That isn’t, however, to say I aren’t looking forward to this weekend though, Trent. You cannot pass up the chance of a lifetime just because it has been orchestrated by an egomaniacal pretty boy with a dire taste in women. This weekend I get the opportunity to not only enjoy attending a good old fashioned team building exercise but I also get to beat the living daylights out of a nCw legend in a match where frankly, the result hardly matters. Not that it means I won’t enjoy picking up the victory against you Trent, because sending home your legions of adoring brain dead halfwits feeling even more pathetic will always be enjoyable.
However, what is truly important this weekend is that I get to beat you to within an inch of your life, not for Steve Awesome, hell not even for the Young Guns, but for myself. Whether you like me or not Trent is irrelevant, if you even respect me is even less so, but I haven’t entered nCw to be some lower card nobody jobbing my way to irrelevance, I will leave those accolades to the likes of Demetrious Young. I came here with a purpose, one that perhaps I have lost sight of in recent weeks as frustration took over, but I can see clearly now and my goals haven’t changed, in fact they have only been strengthened in the face of adversity. I am here to knock pampered prima donnas like you off your perch and getting the opportunity to give you a beating you will not forget any time soon is something I look forward to.

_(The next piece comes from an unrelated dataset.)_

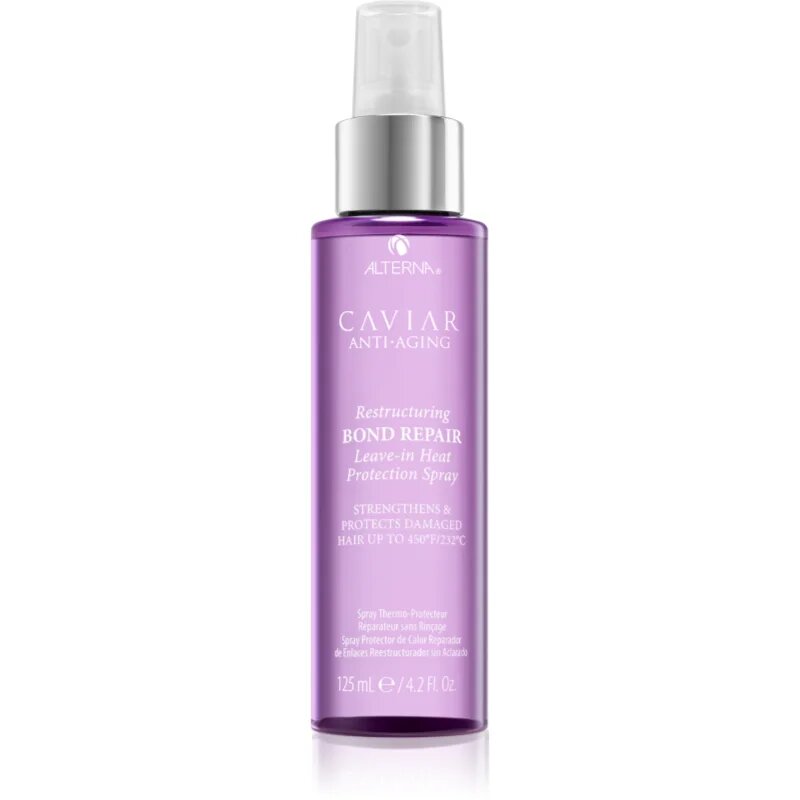 Alterna Caviar Anti-Aging Restructuring Bond Repair zaščitno pršilo za toplotno oblikovanje las 125 ml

That is, of course, if you can drag yourself away from Venom for more than a few minutes, as good as he may well be, to focus on the other three people in the ring with you. If you really think you have got nothing else to worry about, then you’re a bigger fool than I thought Helms, although to be brutally honest I am sure that deep down you are well aware that no matter which one of us is in that ring with you at any one time, you will have to take us seriously. Not that you like to give the impression you take anything seriously though, right Trent? You can come out with all the whimsical little puns, jibes and catchphrases you like about me Trent, but the only thing me and Corona Lights have in common is the fact that I will leave you ****ting blood and sucking your meals through a straw. You can underestimate me if you like Trent, hell you can even get a few more cheap laughs at my expense, but it will be your own fault when I shove your words back down your throat and rest assured it will be me that has the last laugh at Collision. So swagger on down with all the bravado and pomp you like Helms, but it will only end up being your undoing. Good luck out there Trent, but not even luck can save you from the beating you’re going to take.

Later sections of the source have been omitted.